Dün sabah saatlerinden itibaren başlayan çatışmalar cuma namazı ile birlikte yerini sessizliğe bırakırken, göstericiler çatıştıkları sokaklarda topluca namaz kıldılar. Namazın bitmesiyle birlikte güvenlik birimleri yeniden göstericilere müdahale ederek dağıtmaya çalıştı. Ancak Kahire ve diğer kentlerden gruplar halinde Tahrir Meydanı'na gelen göstericilerin sayısının her saat artması dikkat çekti. Kahire'de halkın büyük çoğunluğu çatışmalardan dolayı ya sokağa çıkmamayı ya da büyük kentleri terk ederek köylerine sığınmayı tercih ediyor. Port Said'deki olay öncesi Tahrir Meydanı, Müslüman Kardeşler ve Selefi gruplarla liberal gruplar arasındaki sözlü sataşmalara sahne oluyordu. Müslüman Kardeşler ve Selefiler ordu lehine sloganlar atarken, rakip gruplar ise buna tepki gösteriyordu. Mübarek rejiminin sonunu getiren Tahrir Meydanı, kasım ayında yaşanan ve 40'tan fazla kişinin ölümüyle sonuçlanan çatışmalardan sonra ordu karşıtı göstericilerin fiili işgali altında bulunuyor.

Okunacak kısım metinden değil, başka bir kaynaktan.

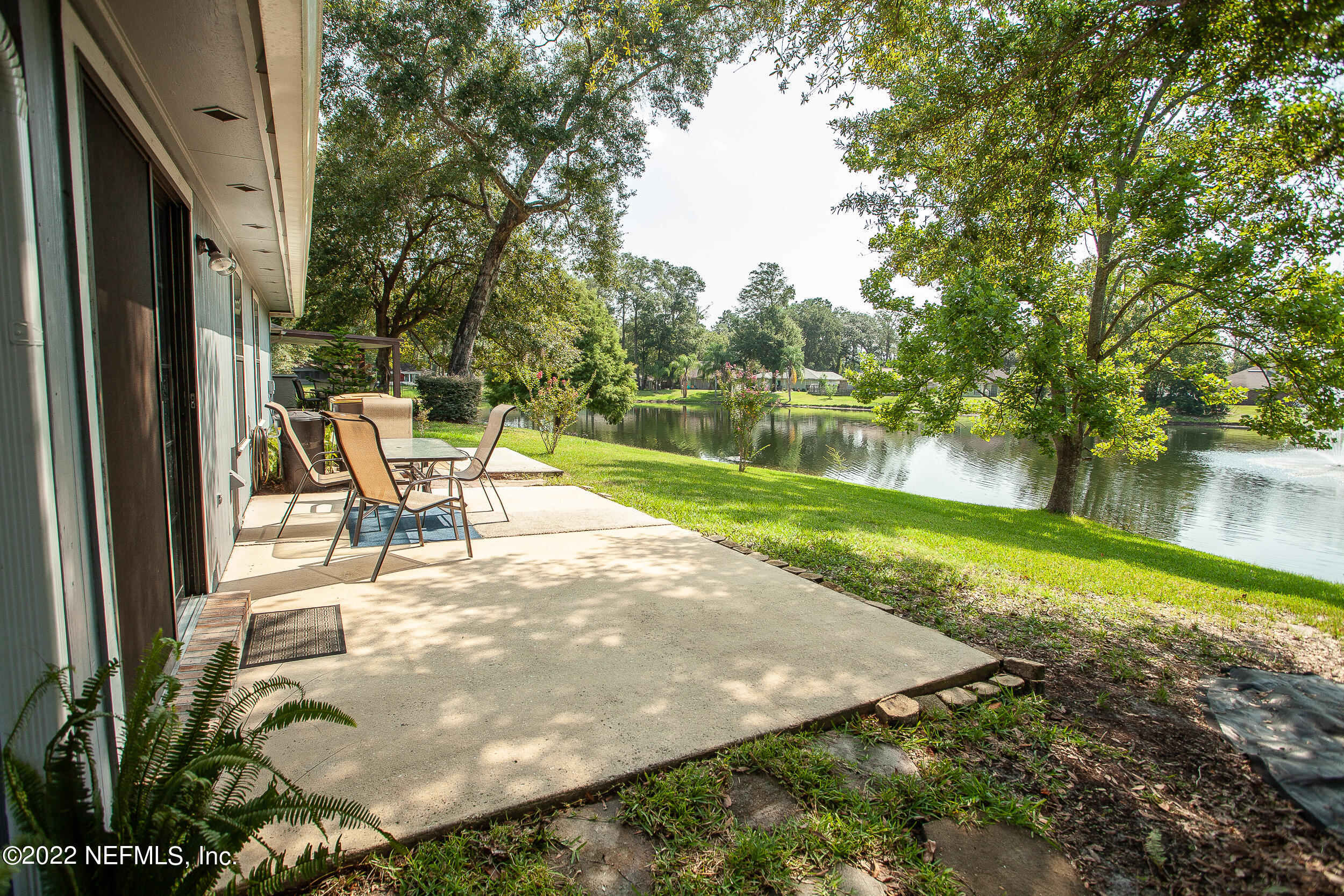 1641 Spring Oaks Lane Jacksonville, FL 32221 - Photo 3 of 40 a view of a lake with a yard and large trees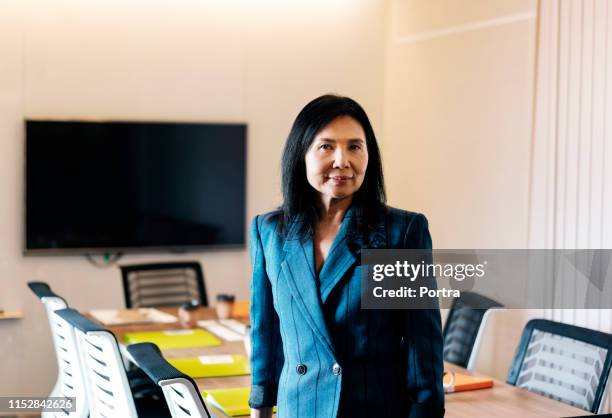 portrait of well-dressed senior businesswoman - taiwan business stock pictures, royalty-free photos & images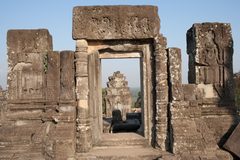 a stone doorway with a stone structure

Pazartesi günü oynanan maçta ev sahibi El Masri takımının yaklaşık 13 bin taraftarı, güvenlik önlemlerinin yetersiz olmasından dolayı konuk ekip El Ehli'nin bin 200 kişilik taraftarına saldırmıştı. Mısır'ı derinden sarsan Port Said'deki vahşet, Mübarek rejiminin devrilmesinden sonra ülkenin maruz kaldığı en büyük provokatif eylem. Olayların arkasında, ülkedeki kaos ortamının sürmesini isteyen Mübarek rejiminin bel kemiğini oluşturan maaşlı sivil ya da resmî güvenlik birimlerinin bulunduğu iddia ediliyor.
Bu arada Mısır ordusunun güvenliği sağlamakta zorlandığı Sina Yarımadası'nda iki Amerikalı turist ve rehberleri silahlı gruplarca kaçırıldı. İlerleyen saatlerde, polis, Tur-i Sina yakınlarında kaçırılan turistler ve rehberlerinin serbest bırakıldığını duyurdu.